One of the allegations involving Ethiopia arose two years ago when rebel groups there alleged that forces aligned with the government, which has since been deposed, had dropped Israeli-made cluster bombs in civilian areas. Such bombs tend to inflict more casualties than ordinary bombs by spreading smaller charges over a wide area.

At the time, the Israeli government denied those allegations and said it had only supplied light weaponry to the Ethiopian government, such as guns and rifles.

Allegations of this kind have surfaced during Arens’ other recent trips to Washington, a pro-Israel lobbyist here pointed out.
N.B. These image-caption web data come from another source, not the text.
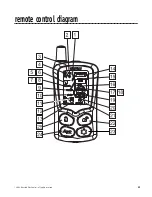 Предварительный просмотр 31 страницы Viper Hayward 5500 Installation Manual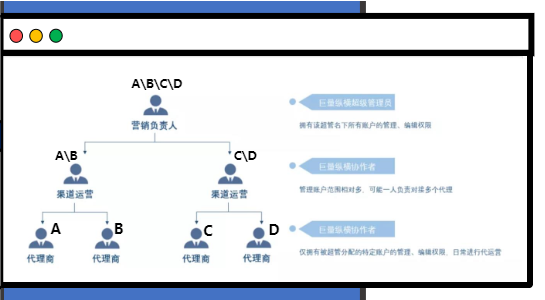 为什么要实现多个快手广告账户的管理? 为什么要实现多个快手广告账户的管理?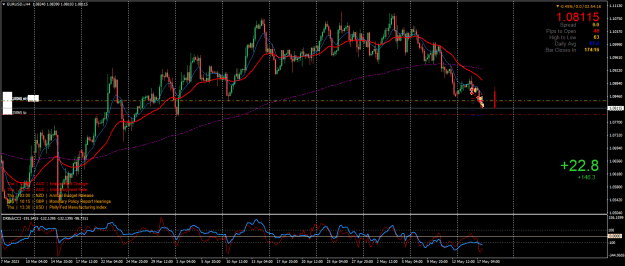 Click to Enlarge

Name: EURUSD.iH4.png
Size: 35 KB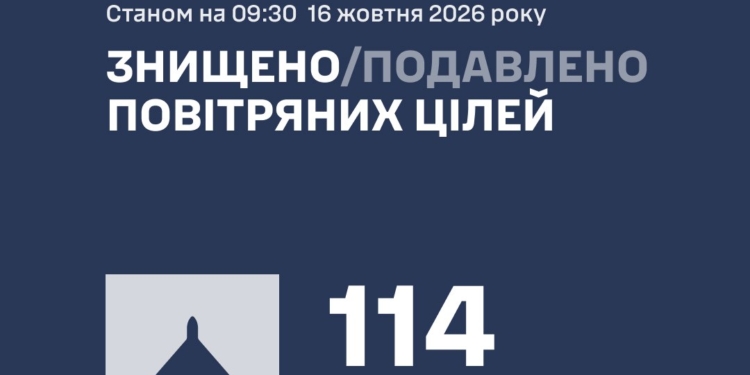 Росіяни атакували українців 149 БпЛА – більшість збито, але атака ще триває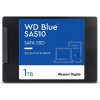 Interný SSD 1TB PS4/PS3/Xbox One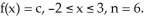 Use a Riemann sum to approximate the area under the graph of Use the left endpoints of the interval. Enter an unlabeled answer.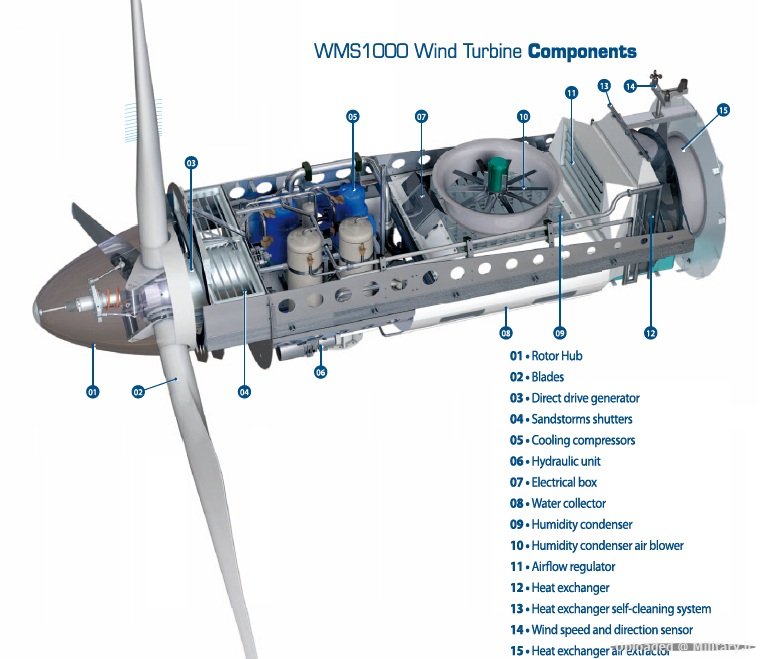 Eole-Water-Wind-Turbine-Components.jpg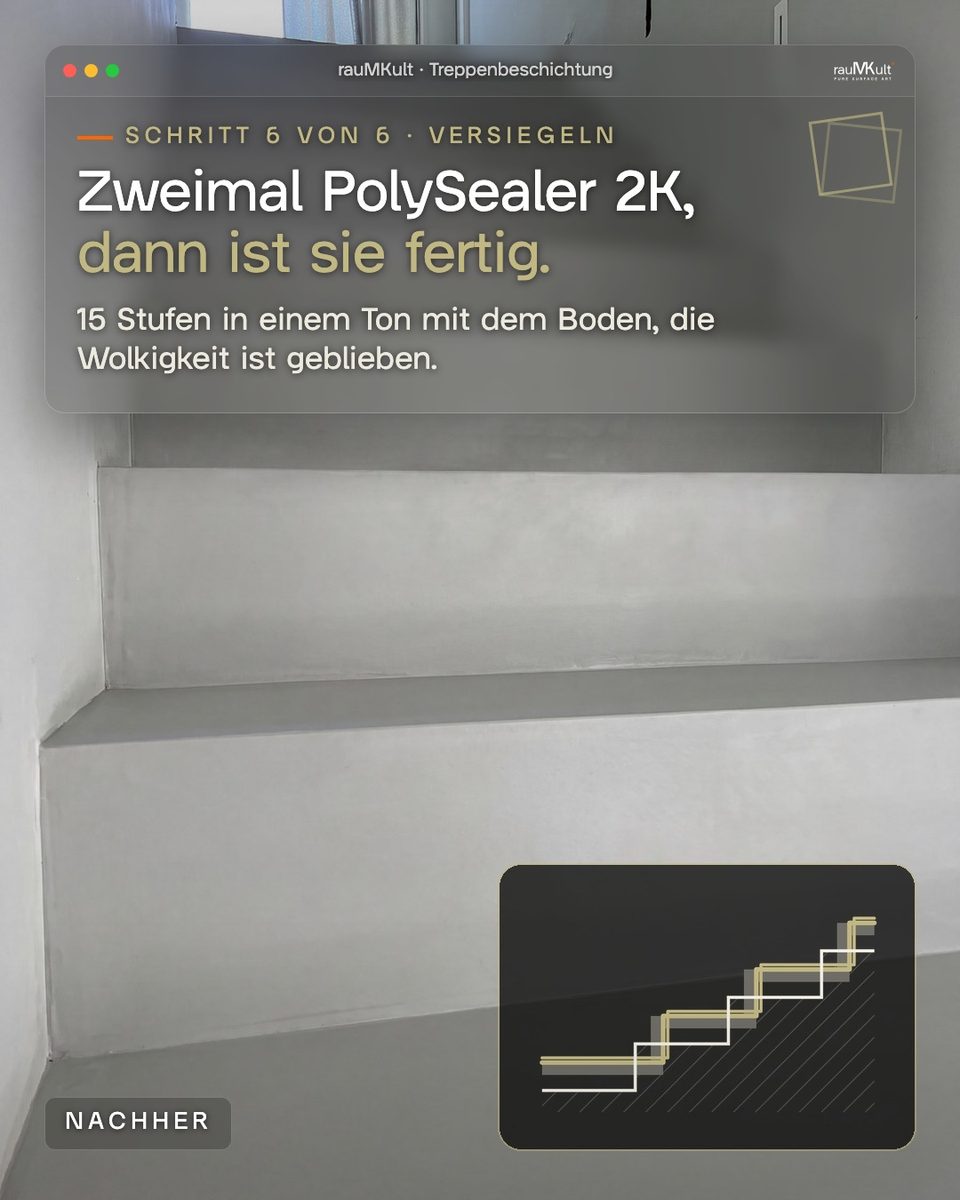 Schritt 6: fertig versiegelte Treppe, daneben die Stufen-Skizze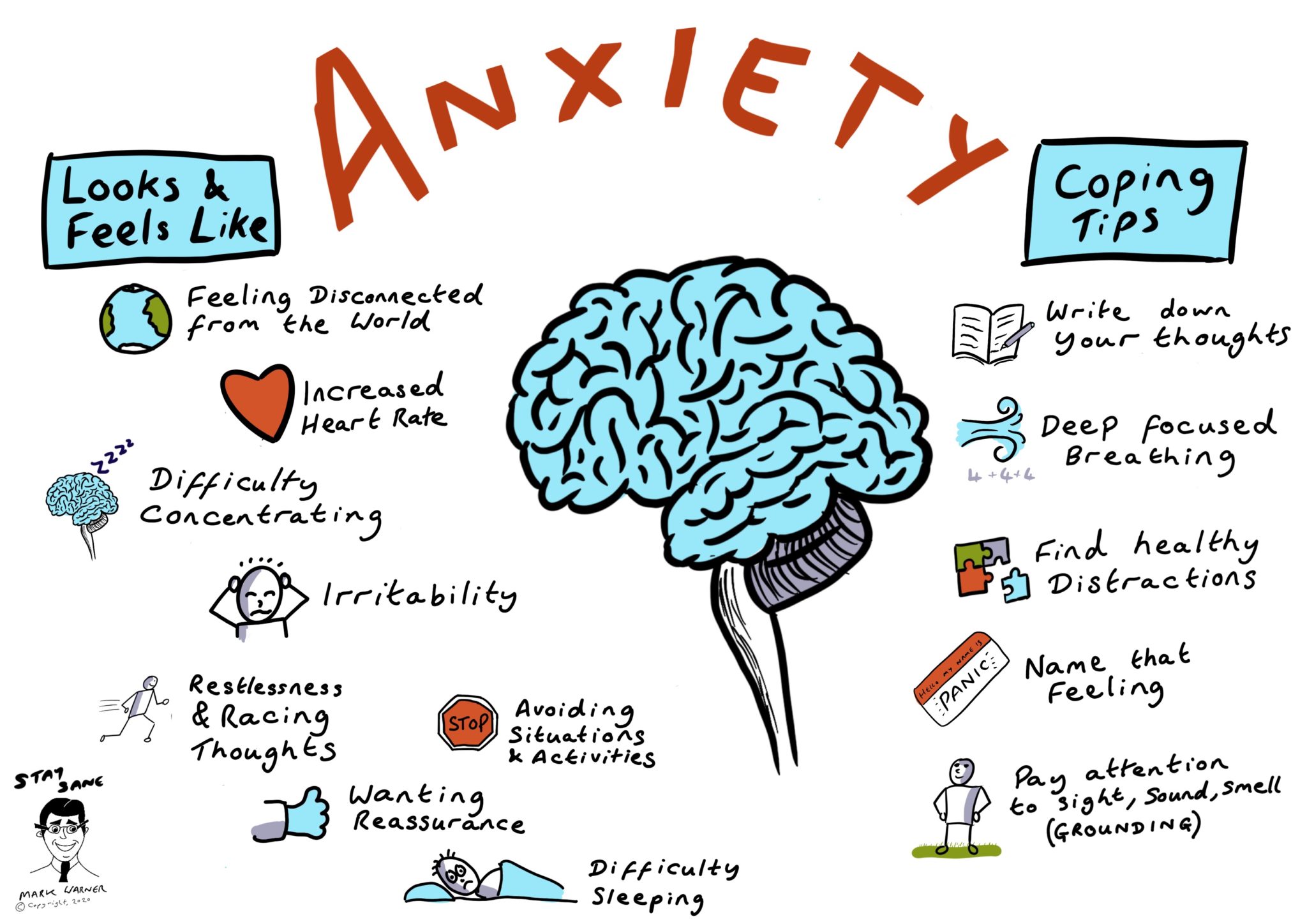 Anxiety How it looks & feels Stay Sane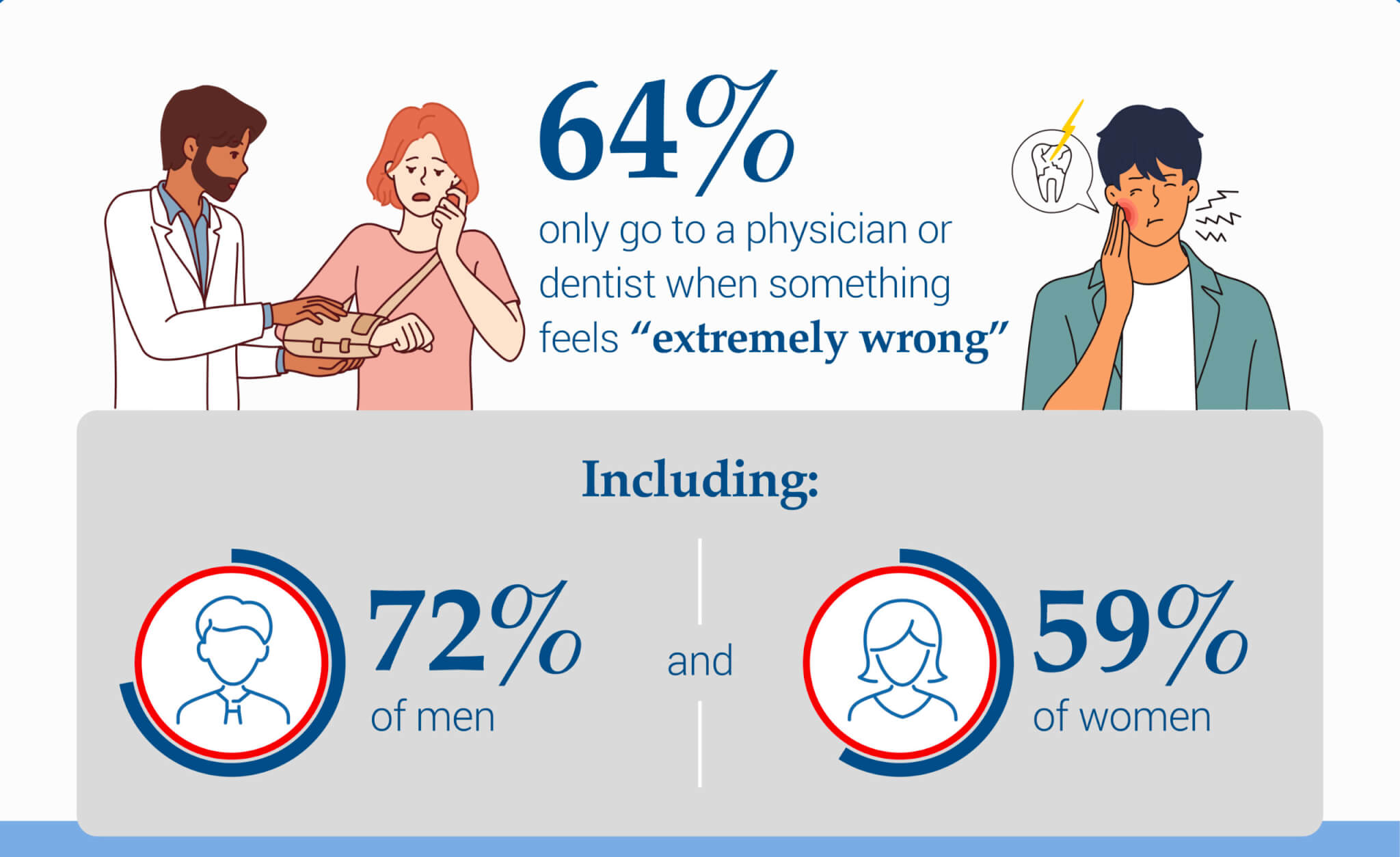 infographic showing a woman with a doctor and an ill man, says 64% don't visit doctor until serious they have serious issue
He said the pattern is beginning to look like the American equivalent of the Israeli government’s inauguration of a new Jewish settlement in the West Bank each time Secretary of State James Baker visits Israel.

The lobbyist played down suggestions from pro-Israel circles here that the timing of the charges may be linked to the standoff on Israel’s request that the United States guarantee $10 billion in loans to help immigrant absorption.

Instead, the lobbyist suggested that the charges came to the fore simply to coincide with Arens’ trip to Washington and with this week’s biannual meeting of the U.S.-Israel Joint Political Military Planning Group.

Arens told the United Jewish Appeal’s young leadership conference here on Monday that he first heard of the allegations upon his arrival in the United States last week.

The defense minister acknowledged that U.S.-Israeli relations are at a difficult stage because of the loan guarantees standoff. But he expressed confidence that the friendship between the two countries would remain solid despite occasional differences.

“Our overriding concern is the peace process,” he stressed. “We want good relations to further the peace process.”

(JTA correspondent David Landau in Jerusalem contributed to this report.)